De Crisisheffing is ingevoerd als een extra last voor hogere inkomens om de Nederlandse begroting op orde te brengen. Deze heffing houdt in dat in 2013 éénmalig een extra afdracht van 16% bij werkgevers over het loon van werknemers zou worden geheven, voor zover dat loon hoger was dan € 150.000. Deze heffing komt bovenop het toptarief in de inkomstenbelasting van 52%. Hierbij werd gekeken naar het loon van het jaar daarvoor (2012). Hierin zit een vorm van terugwerkende kracht besloten en heeft tot gevolg dat het niet meer mogelijk was om ervoor te zorgen dat het jaarloon net onder de grens van € 150.000 kon blijven.
In 2014 is vervolgens besloten de éénmalige heffing met nog een jaar te verlengen.
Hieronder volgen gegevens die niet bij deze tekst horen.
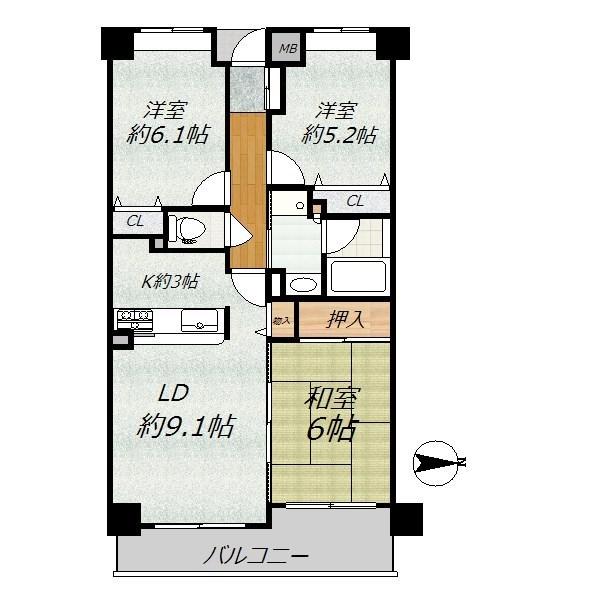 Floor plan. 3LDK, Price 17.8 million yen, Occupied area 64.72 sq m , Balcony area 8.1 sq m room renovated. You uninhabitable as it is.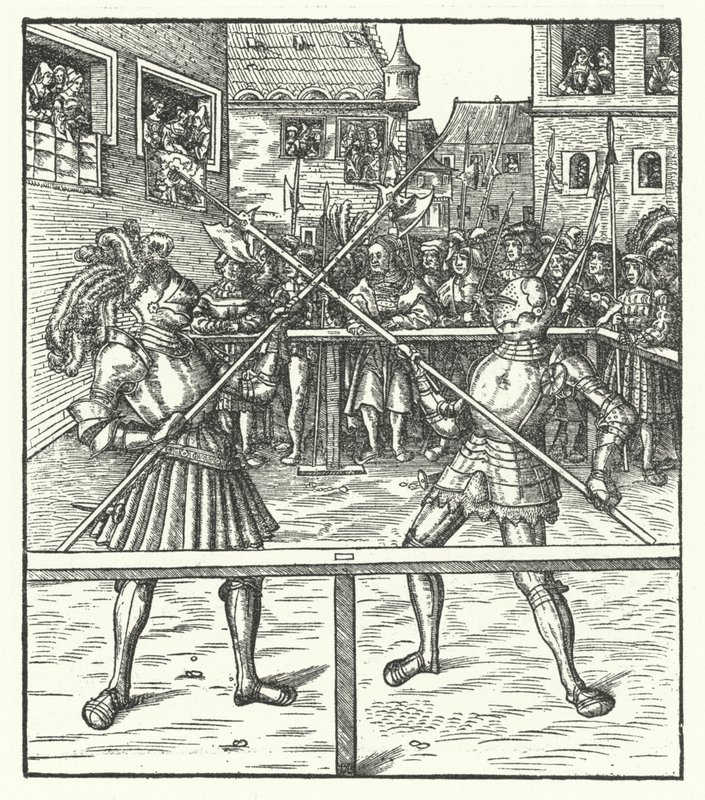 Erkehertug Maximilian av Østerrike kjemper til fots ved hjelp av en hellebard (gravering) av Hans (after) Burgkmair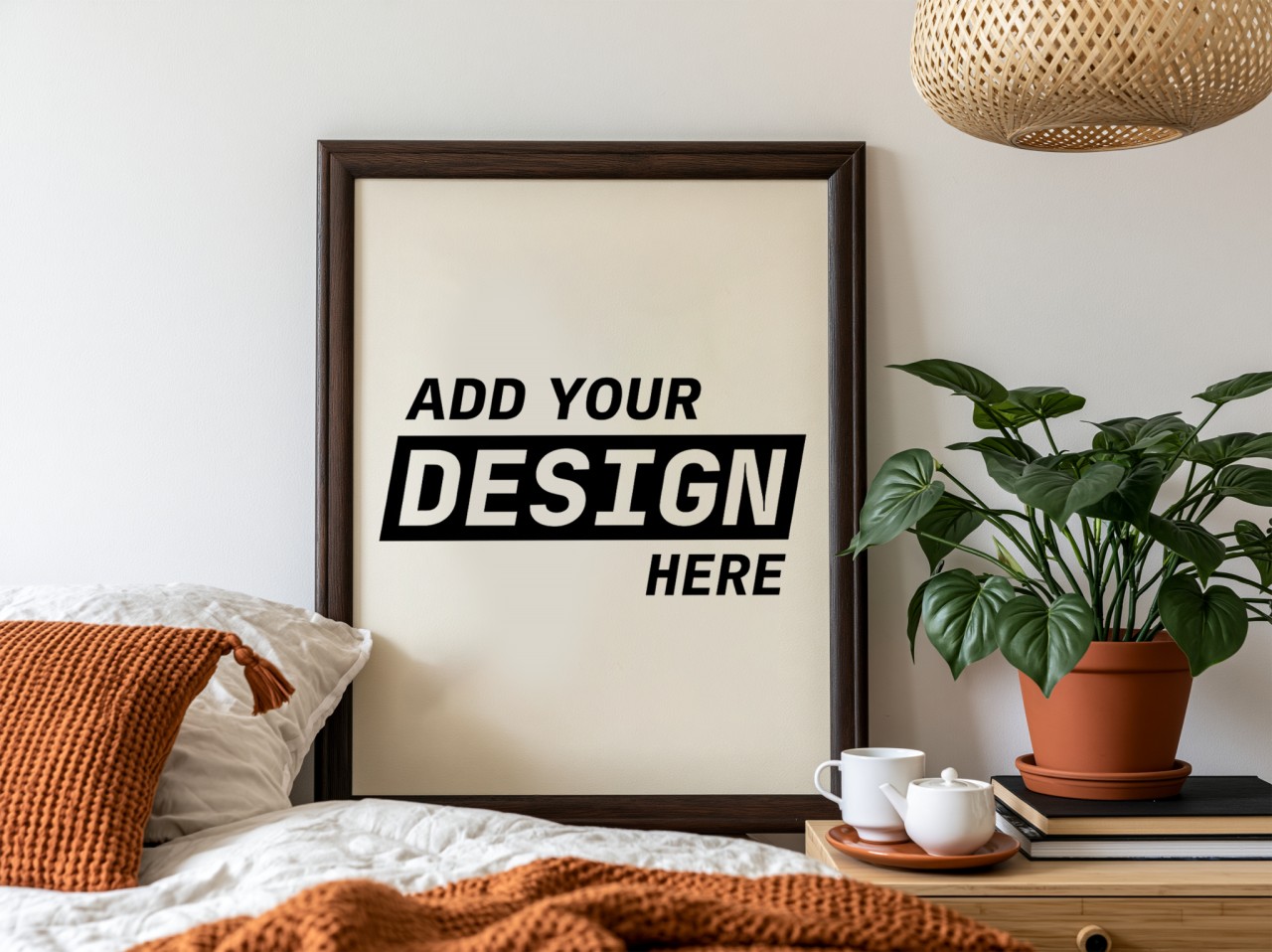 Dark Wood Frame Above Bed with Plant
Direct bij de invoering van de Crisisheffing was duidelijk dat velen bezwaar zouden gaan maken tegen deze extra afdracht van 16%. De eerste bezwaren komen nu voor de rechters in eerste aanleg (de Rechtbank).
In een zestal uitspraken komt de Rechtbank Den Haag tot de conclusie dat de Crisisheffing stand kan houden. Hiermee is het verhaal uiteraard nog niet uit. Tegen deze uitspraken zal vrijwel zeker hoger beroep bij het Gerechtshof (of sprongcassatie bij de Hoge Raad) worden aangetekend. Wordt zeker nog vervolgd!